Records from a data collection

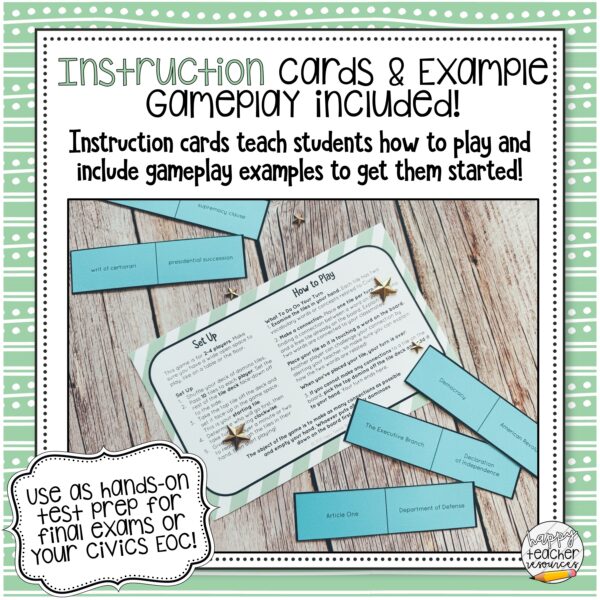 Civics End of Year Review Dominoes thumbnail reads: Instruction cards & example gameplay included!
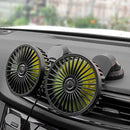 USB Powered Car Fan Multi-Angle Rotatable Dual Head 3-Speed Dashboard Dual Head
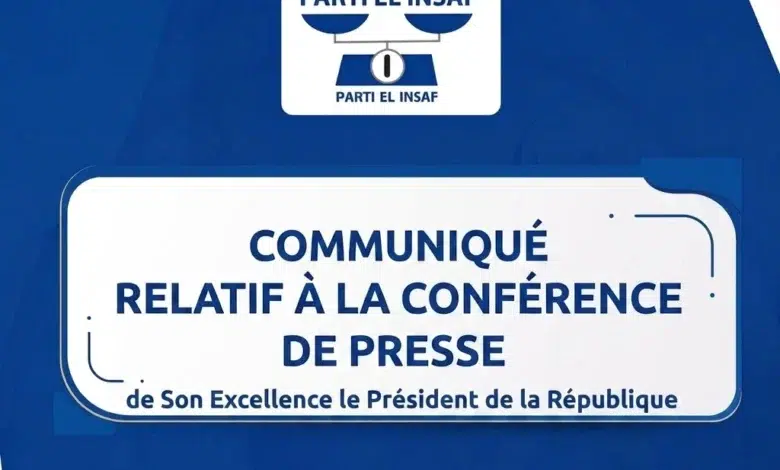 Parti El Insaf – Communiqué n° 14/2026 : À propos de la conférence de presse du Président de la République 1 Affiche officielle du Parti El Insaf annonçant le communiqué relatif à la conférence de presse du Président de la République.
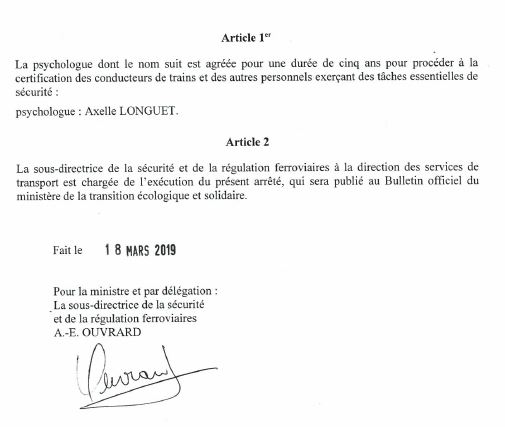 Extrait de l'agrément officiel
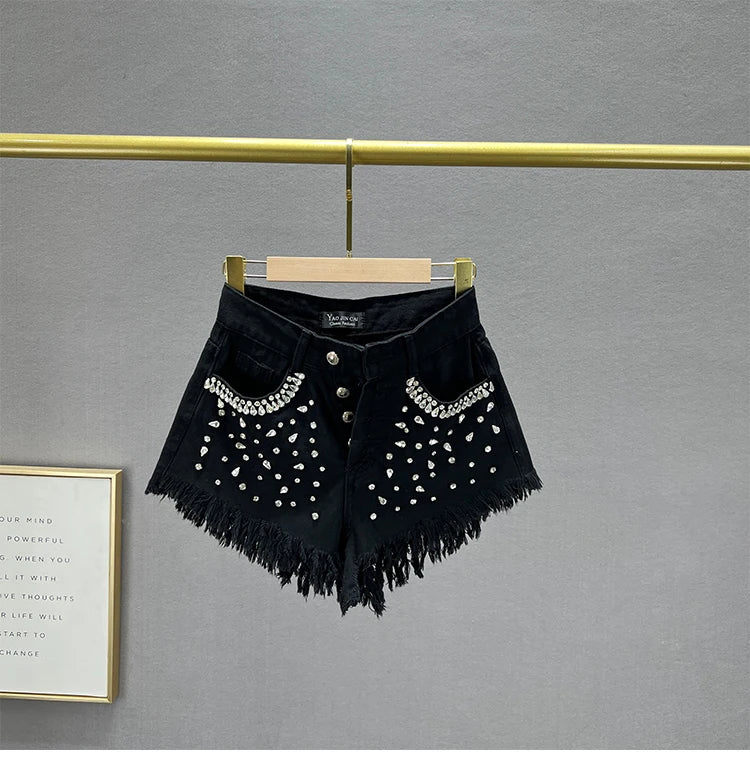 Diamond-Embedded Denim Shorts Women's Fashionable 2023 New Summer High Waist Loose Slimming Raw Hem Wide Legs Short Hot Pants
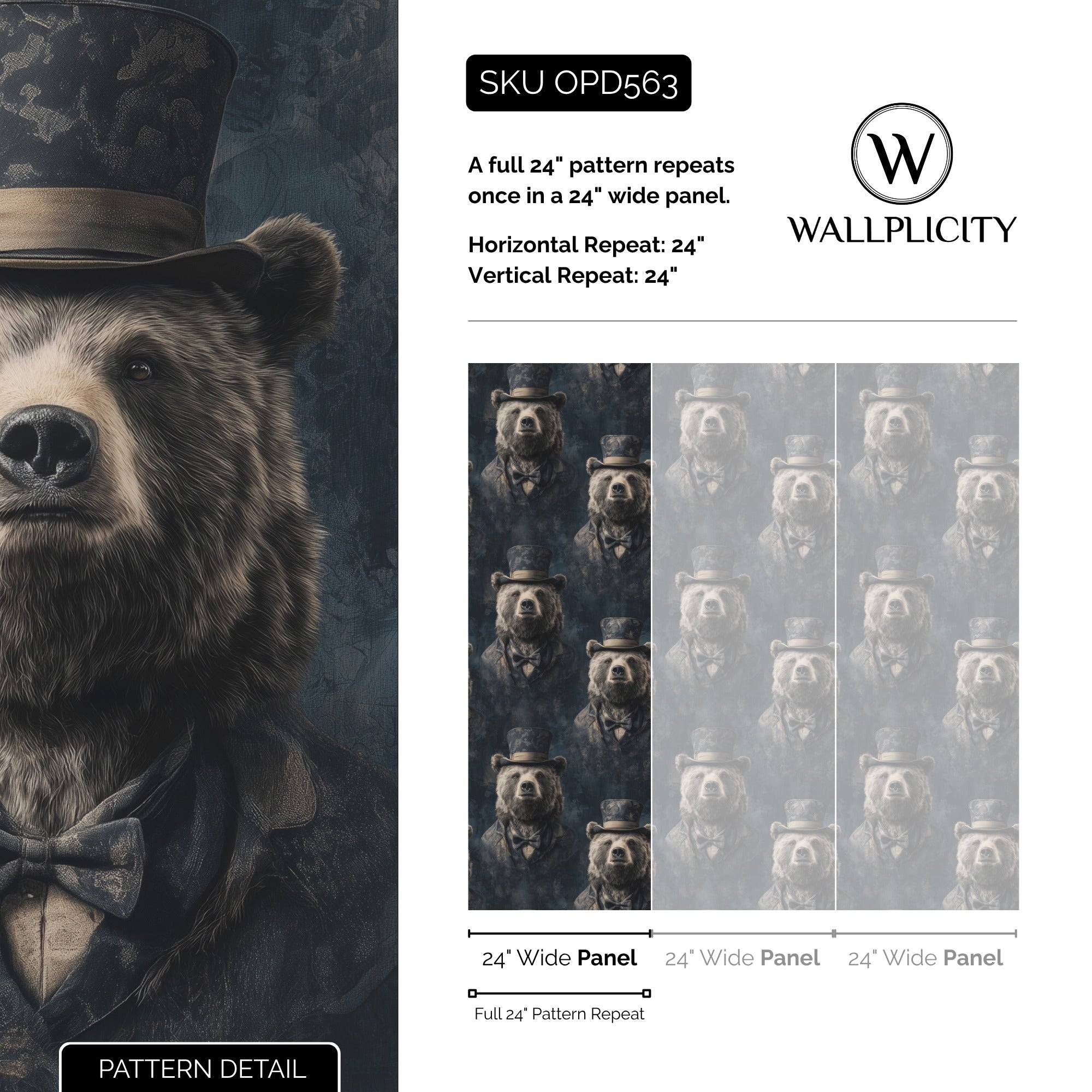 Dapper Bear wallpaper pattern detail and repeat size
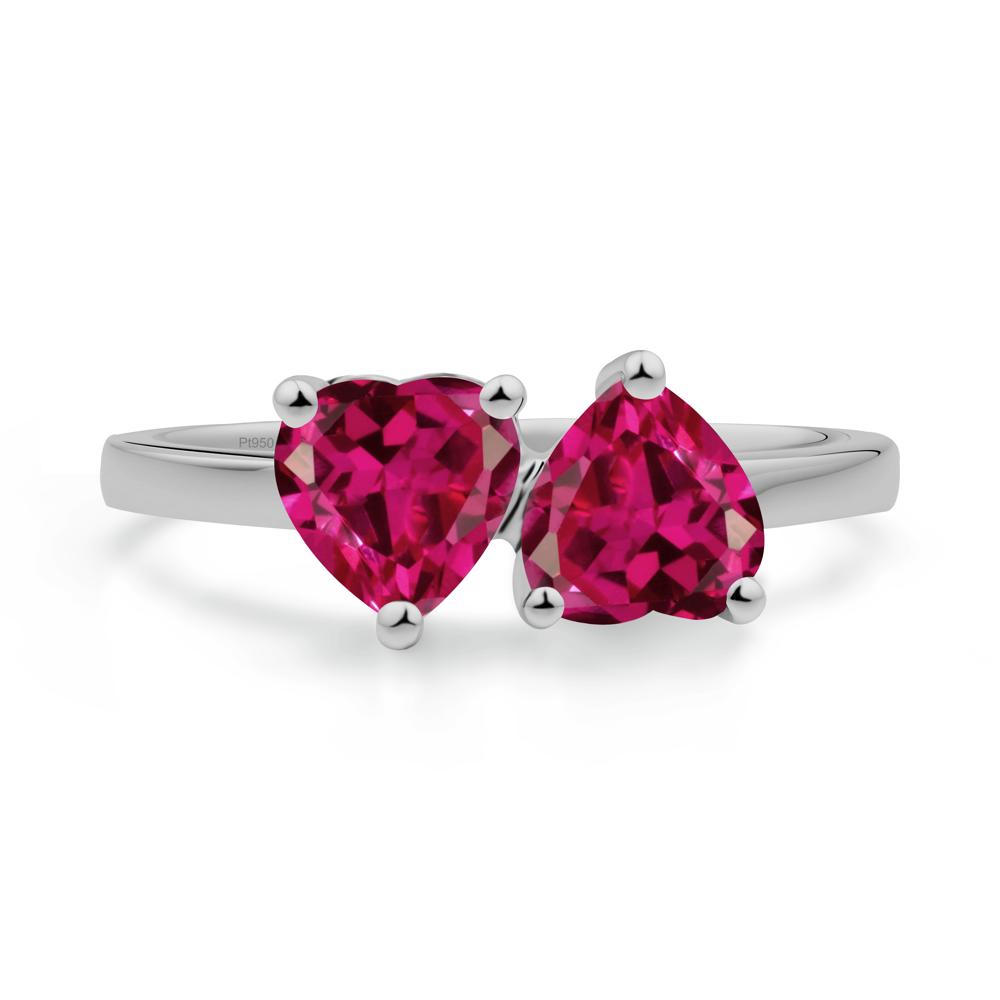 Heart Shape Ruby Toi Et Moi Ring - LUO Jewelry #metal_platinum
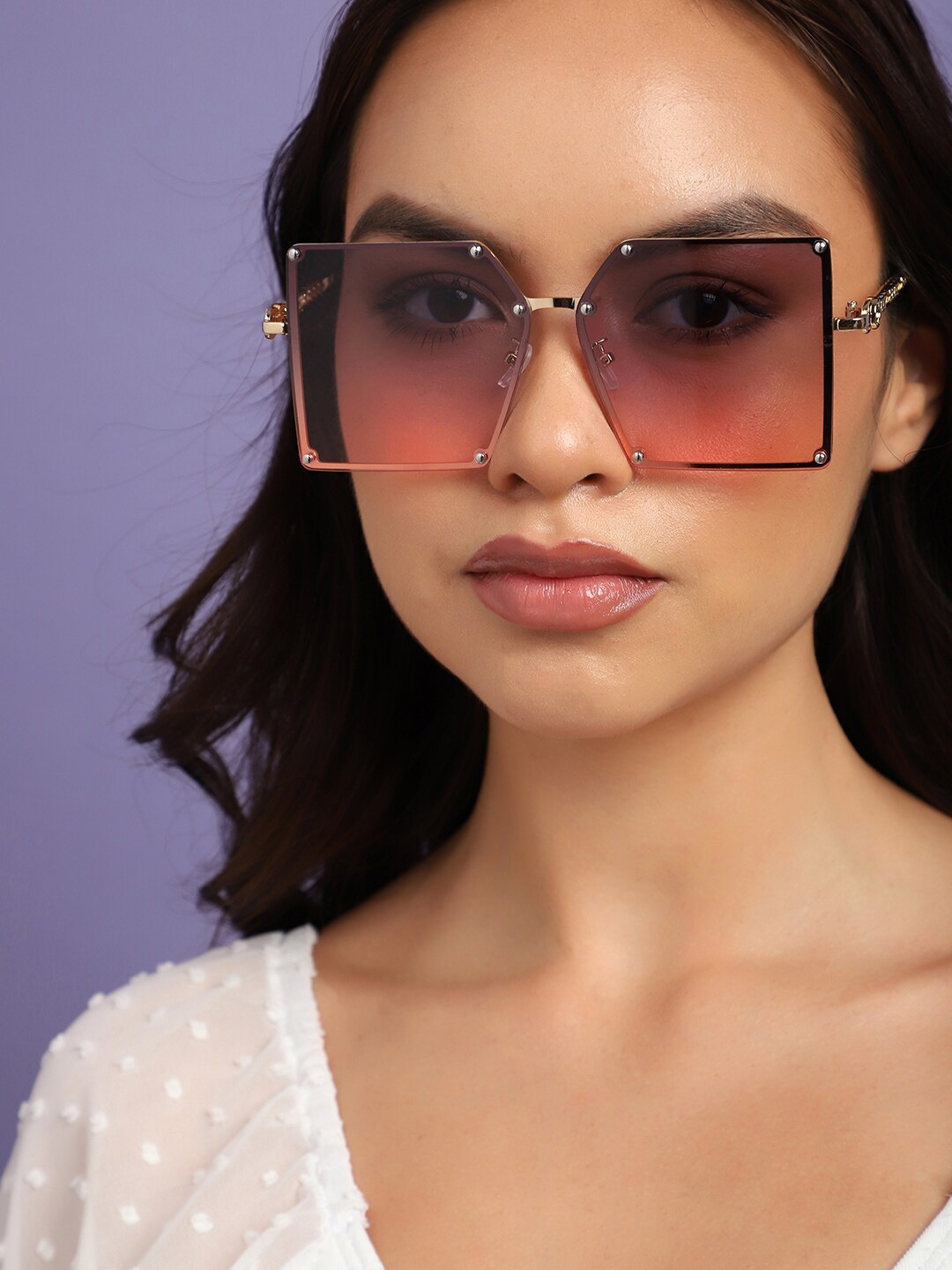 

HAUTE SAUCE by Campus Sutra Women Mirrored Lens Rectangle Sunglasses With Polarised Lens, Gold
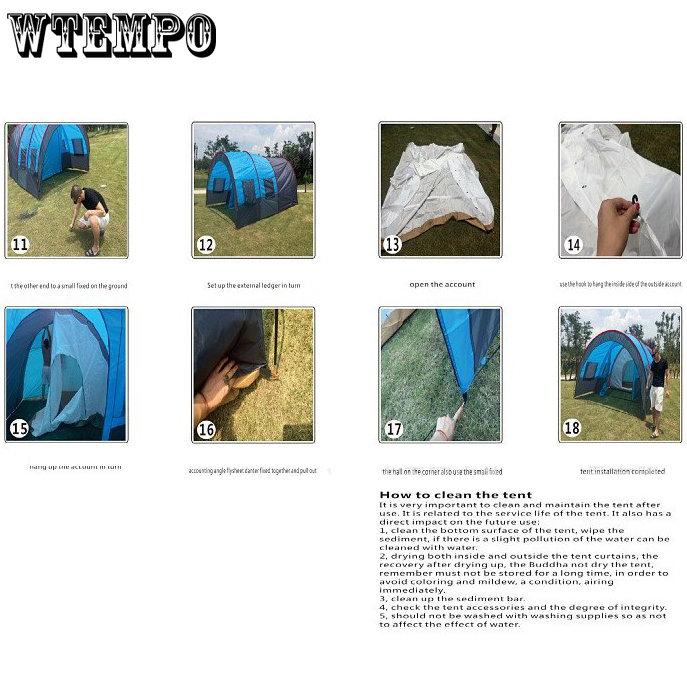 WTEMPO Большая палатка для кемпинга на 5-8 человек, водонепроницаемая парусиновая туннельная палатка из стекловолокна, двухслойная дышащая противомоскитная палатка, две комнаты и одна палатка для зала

> [Task item] From the first line to the last, repeat the records above exactly, leaving out the pictures.

> [Solution to the problem]
 Civics End of Year Review Dominoes thumbnail reads: Instruction cards & example gameplay included!
 USB Powered Car Fan Multi-Angle Rotatable Dual Head 3-Speed Dashboard Dual Head
 Parti El Insaf – Communiqué n° 14/2026 : À propos de la conférence de presse du Président de la République 1 Affiche officielle du Parti El Insaf annonçant le communiqué relatif à la conférence de presse du Président de la République.
 Extrait de l'agrément officiel
 Diamond-Embedded Denim Shorts Women's Fashionable 2023 New Summer High Waist Loose Slimming Raw Hem Wide Legs Short Hot Pants
 Dapper Bear wallpaper pattern detail and repeat size
 Heart Shape Ruby Toi Et Moi Ring - LUO Jewelry #metal_platinum

HAUTE SAUCE by Campus Sutra Women Mirrored Lens Rectangle Sunglasses With Polarised Lens, Gold
 WTEMPO Большая палатка для кемпинга на 5-8 человек, водонепроницаемая парусиновая туннельная палатка из стекловолокна, двухслойная дышащая противомоскитная палатка, две комнаты и одна палатка для зала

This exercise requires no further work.